脳は、神経細胞を正しく働かせるためにたくさんのエネルギーを求めます。必要なエネルギーは、酸素とブドウ糖を消費して得ます。適度な運動と正しい食事を心がければ、エネルギー産生に必要な酸素とブドウ糖が補給され、アタマの健康が保たれます。
アタマの健康と食生活の深い関係については、多くの発表があります。そのほとんどが、水分補給を基本に、抗酸化作用のある果物や野菜をよく摂り、肉より魚を多く摂りましょう、というものです。その一つに、抗酸化成分を含むクランベリージュースがブレインヘルスに寄与する、とした報告があります*1。

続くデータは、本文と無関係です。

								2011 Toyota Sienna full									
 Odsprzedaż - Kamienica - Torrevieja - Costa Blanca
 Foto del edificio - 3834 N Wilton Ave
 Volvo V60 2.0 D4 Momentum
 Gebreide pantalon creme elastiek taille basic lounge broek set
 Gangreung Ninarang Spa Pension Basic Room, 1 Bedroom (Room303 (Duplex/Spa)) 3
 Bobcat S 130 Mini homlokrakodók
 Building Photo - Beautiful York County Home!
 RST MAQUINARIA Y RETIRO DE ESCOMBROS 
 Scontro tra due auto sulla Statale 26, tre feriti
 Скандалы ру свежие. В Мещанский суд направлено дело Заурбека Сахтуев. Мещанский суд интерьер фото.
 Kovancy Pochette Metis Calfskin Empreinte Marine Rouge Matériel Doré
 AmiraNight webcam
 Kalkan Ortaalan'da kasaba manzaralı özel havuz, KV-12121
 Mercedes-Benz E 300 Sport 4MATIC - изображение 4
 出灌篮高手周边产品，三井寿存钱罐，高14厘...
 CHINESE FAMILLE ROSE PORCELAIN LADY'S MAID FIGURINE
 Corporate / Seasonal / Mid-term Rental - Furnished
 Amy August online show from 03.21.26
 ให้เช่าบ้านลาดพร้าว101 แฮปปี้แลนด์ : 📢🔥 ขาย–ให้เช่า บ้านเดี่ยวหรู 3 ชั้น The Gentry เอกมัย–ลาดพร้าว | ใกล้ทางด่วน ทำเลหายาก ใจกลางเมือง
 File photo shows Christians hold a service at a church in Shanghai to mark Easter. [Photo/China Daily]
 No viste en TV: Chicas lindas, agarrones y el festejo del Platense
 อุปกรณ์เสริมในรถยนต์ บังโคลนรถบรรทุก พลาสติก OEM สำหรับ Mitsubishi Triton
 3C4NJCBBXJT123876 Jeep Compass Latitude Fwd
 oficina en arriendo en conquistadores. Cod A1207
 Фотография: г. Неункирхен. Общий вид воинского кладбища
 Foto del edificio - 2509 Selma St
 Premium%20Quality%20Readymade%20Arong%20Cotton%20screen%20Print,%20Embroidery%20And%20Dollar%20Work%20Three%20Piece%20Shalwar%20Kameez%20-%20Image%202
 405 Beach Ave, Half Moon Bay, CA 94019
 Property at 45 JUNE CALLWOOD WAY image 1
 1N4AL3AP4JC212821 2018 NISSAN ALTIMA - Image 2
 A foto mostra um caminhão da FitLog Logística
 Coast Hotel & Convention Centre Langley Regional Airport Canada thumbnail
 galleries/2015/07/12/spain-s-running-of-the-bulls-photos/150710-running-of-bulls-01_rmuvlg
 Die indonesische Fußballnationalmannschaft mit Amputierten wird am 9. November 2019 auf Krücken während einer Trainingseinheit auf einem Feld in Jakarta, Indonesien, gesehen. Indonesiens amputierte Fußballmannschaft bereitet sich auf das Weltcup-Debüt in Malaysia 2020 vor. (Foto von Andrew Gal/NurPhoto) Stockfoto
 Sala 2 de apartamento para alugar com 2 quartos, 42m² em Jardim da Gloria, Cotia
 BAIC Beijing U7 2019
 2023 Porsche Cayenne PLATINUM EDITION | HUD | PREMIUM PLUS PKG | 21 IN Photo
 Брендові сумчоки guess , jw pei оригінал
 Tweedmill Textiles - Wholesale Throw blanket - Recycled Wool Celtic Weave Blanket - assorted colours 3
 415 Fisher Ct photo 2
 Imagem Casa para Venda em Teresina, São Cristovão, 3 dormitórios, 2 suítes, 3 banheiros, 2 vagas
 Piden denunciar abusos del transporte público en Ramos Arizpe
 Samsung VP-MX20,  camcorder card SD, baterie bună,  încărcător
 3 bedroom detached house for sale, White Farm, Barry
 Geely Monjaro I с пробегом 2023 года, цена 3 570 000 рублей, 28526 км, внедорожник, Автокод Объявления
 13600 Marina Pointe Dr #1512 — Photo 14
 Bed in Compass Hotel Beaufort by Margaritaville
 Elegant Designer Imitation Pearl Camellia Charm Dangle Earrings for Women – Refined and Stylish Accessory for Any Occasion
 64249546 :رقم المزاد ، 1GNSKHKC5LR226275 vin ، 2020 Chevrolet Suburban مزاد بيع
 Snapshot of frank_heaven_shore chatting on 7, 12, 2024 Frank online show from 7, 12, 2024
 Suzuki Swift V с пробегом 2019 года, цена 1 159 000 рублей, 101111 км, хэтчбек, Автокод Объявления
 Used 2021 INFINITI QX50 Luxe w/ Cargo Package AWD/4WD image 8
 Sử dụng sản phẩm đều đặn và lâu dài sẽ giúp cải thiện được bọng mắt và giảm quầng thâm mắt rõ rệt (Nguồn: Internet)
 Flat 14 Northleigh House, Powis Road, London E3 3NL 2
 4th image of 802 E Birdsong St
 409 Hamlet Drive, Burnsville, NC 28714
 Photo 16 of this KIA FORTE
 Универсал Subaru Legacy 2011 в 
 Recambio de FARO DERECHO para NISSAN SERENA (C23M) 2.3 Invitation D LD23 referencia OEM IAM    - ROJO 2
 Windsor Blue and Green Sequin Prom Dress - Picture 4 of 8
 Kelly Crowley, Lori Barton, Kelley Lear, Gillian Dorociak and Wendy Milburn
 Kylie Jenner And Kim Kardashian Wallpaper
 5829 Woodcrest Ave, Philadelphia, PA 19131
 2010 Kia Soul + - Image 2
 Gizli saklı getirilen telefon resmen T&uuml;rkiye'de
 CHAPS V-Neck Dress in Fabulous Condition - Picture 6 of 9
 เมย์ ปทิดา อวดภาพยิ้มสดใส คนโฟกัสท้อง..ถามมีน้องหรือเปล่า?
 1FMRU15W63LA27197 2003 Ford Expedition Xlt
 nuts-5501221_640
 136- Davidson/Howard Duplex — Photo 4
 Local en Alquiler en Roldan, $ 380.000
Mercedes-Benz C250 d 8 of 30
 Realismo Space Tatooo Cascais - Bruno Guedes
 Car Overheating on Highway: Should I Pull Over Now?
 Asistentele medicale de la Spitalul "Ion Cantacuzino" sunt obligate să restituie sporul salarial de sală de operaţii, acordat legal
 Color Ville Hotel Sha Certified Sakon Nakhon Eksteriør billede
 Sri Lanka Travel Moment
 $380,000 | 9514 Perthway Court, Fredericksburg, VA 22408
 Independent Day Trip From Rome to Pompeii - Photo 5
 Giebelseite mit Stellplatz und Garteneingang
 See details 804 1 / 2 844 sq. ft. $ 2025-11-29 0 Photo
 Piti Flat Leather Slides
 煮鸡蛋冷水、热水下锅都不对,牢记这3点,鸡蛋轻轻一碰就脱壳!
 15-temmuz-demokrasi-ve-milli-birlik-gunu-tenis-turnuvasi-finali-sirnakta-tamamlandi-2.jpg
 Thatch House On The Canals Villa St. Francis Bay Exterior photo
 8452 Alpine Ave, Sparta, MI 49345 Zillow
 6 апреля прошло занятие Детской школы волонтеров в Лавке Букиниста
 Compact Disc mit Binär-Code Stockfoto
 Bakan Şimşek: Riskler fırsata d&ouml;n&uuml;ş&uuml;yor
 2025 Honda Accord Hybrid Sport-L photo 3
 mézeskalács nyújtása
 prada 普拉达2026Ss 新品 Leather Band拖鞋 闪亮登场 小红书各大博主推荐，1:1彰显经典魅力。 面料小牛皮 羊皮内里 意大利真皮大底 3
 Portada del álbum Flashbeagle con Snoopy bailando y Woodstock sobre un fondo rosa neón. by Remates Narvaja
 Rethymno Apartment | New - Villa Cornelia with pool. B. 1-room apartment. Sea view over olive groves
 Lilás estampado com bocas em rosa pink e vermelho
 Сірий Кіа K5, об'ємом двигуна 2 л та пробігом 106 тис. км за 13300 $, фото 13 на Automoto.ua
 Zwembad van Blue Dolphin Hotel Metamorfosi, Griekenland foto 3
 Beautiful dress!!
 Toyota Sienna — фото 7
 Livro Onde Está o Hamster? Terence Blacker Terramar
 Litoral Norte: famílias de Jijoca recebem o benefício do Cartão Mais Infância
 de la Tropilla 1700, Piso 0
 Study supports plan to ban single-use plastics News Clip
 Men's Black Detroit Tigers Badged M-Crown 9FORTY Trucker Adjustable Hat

そしてもうひとつ、アタマへの適度な刺激も大切です。たとえば、カラオケで懐かしのメロディーにはまり、抜け出せなくなること、ありますね。このとき、詞や曲が当時の体験や思いと結びついて、脳をほどよくもみほぐしてくれています。こんなときこそお酒はほどほどに、クランベリージュースを飲みたいですね。
そんな気づきを得た方は、クランベリーでアタマを働かせてあげましょう。クランベリージュース単独の適量については、一日あたり200mlから300mlで十分であるといわれています。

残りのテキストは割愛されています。